We were paying €1000 per month in rent (5 years ago) for a 3 bed semi. We now pay €700 per month for the same.
Creche in Galway was 750 for a toddler. It is €525 here.

Going out is cheaper, (entrance fees, drinks, restaraunts etc) but personally I think in order to notice a big difference between the West and Dublin you need to be at least 20/30 miles from Galway city.


----------



## z104 (24 Aug 2008)

If you were willing to locate to limerick the cost of living is much lower than Dublin but the wages are about the same in my experience.


----------



## xavier (25 Aug 2008)

A friend of mine relocated to Donegal in 2004. The main patter from the company he went to was around life being cheaper there than in Dublin. He had a full hours presentation from them on this very subject in one of the 4 interviews he had to complete.

Anyway the point of my post is this: electricity, gas, oil, petrol, cars, college fees, holidays etc etc are no cheaper for a Galway person than they are for a Dublin person. 

He turned the company down, and it was a big decision for him to make at the time, but six weeks later they came back and matched the "big Dublin" salary he was on. If he'd said yes he'd be down €10k at the outset.

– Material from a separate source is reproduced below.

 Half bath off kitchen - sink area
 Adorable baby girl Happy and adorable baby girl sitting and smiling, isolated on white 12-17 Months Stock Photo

It is a big decision to move to an area for one employer. What happens if it doesn't work out with that place, is there another employer nearby you could move to? These are the risks and risks must be rewarded.


----------



## benji2006 (25 Aug 2008)

xavier said:


> It is a big decision to move to an area for one employer. What happens if it doesn't work out with that place, is there another employer nearby you could move to? These are the risks and risks must be rewarded.


 

this is a very important point...some call Galway "the graveyard of ambition".....


----------



## fago76 (25 Aug 2008)

Moved to Galway about 6 years ago and took a salary hit of about 12% at the time - in the IT area.

Having said that the opportunities in the company I moved have been excellent, and I'm about on a par where I would have been in Dublin.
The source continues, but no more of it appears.